The Hellcat takes the redesigned Charger's love-it-or-hate-it, Coke-bottle look and adds just a bit more subtle attitude. Hellcat badges adorn the front fenders and you'll find SRT badging front and rear. The brakes are big, red Brembos--six-piston in the front and four in the rear, clamping 15.4" and 13.8" discs, respectively--that are shared with the run-of-the-mill Charger SRT. It takes a careful eye to spot the differences, making the Hellcat fairly discreet, all things considered.

Until you fire it up, that is.

Inside?
The LX cars long suffered from subpar interiors, but with the 2011 refresh, Chrysler started to rectify that. With the 2015 model year, more improvements came, and the Charger's interior now makes a compelling case for itself. The center stack is fitted around a multifunction touchscreen that sits above redundant audio and HVAC controls, making for easy access to all vehicle functions.

Unique to SRT and SRT Hellcat models is a full suite of vehicle dynamics controls allowing customized throttle, suspension, transmission and traction/stability control modes. A power toggle will even let you open up the waste gate on the Hellcat's supercharger and limit the engine output to a meager 500 horsepower (using the Hellcat's black key rather than its red key accomplishes the same thing). The display is mirrored in the gauge cluster, where the SRT apps will track your 0-60 and quarter mile times too.

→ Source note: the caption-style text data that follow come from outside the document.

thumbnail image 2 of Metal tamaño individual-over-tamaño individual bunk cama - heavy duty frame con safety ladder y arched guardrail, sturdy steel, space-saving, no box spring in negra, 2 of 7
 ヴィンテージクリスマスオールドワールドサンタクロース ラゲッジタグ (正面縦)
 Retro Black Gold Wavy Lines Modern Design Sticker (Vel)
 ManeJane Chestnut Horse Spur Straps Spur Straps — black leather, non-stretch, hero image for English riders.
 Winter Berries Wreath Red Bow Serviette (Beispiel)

"SRT" badging is prominent in the interior, found on the wheel, seats, drive mode button and several other locations both obvious and not. The seats are comfortable, but not too aggressively bolstered. They're unsuited to prolonged hot-lapping sessions, but it's unlikely that too many owners will be taking the 2 ?-ton Hellcat out on road courses. The slimmer and more athletic Challenger? Maybe, but you'll want a harness to keep you planted.

Does it go?
It all comes down to tires. When the Charger SRT Hellcat hooks up, it accelerates in a way that should erode the bedrock of simple physics. When it doesn't, it sheds more rubber than an entire fleet of 18-wheelers. Under the rear fenders, you'll find Pirelli P Zero "Three-Season" performance tires in 275/40ZR20. Those keeping score at home will note the same compound and size is found on the rear axle of the 435-horsepower, 3,700lb Mustang GT equipped with the performance package. The Hellcat's size and power are just too much for those poor Pirellis.

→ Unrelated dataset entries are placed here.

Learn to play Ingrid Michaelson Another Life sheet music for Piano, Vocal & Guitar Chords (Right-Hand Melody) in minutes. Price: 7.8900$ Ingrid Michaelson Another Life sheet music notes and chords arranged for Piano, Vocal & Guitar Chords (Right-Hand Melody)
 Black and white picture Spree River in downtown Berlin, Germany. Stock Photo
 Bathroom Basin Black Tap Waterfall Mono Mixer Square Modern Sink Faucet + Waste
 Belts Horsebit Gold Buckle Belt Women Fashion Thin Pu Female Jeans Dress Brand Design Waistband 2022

A reasonable argument can be made that the Hellcat benefits from being under-tired in the same way the Scion FR-S and Subaru BRZ do. The lower limits may prevent drivers from fully exploiting the Hellcat's power and track-ready suspension on the street, but on the flip side, they allow for a lot of ridiculous fun. Accelerate away from a stop with any steering angle and the Hellcat is a hair's breadth of throttle travel away from a tail-out tire roast.

The absence of grip means the Hellcat transitions seamlessly up and down either side of its slip-angle curve. There's no razor's edge, but rather a progressive, predictable fall-off in traction as you push the tires beyond their capabilities.

And despite its weight, the Charger SRT Hellcat takes to twisties rather well. Put the suspension in "sport" or "track" mode and the Hellcat hunkers down and tucks in. On an open track, the throttle can be used to help control the Hellcat's line, but that's an iffy proposition on a narrow back road. The Charger is a lot of car, and you don't want its tail swinging out of a lane that is barely wide enough to hold it to begin with.




Leftlane's bottom line

The Charger Hellcat is a magnificent, boisterous, charismatic, unnecessary and thoroughly unapologetic example of American automotive engineering. The LX platform may be showing its age, but it still makes for an appealing package. We'll take two.

2015 Dodge Charger SRT Hellcat, base price, $62,295; Harman Kardon Audio Group, $1,995; Power Sunroof, $1,195; Uconnect, $695; Summer Tires, $195; Gas Guzzler Tax, $1,700; Destination, $995.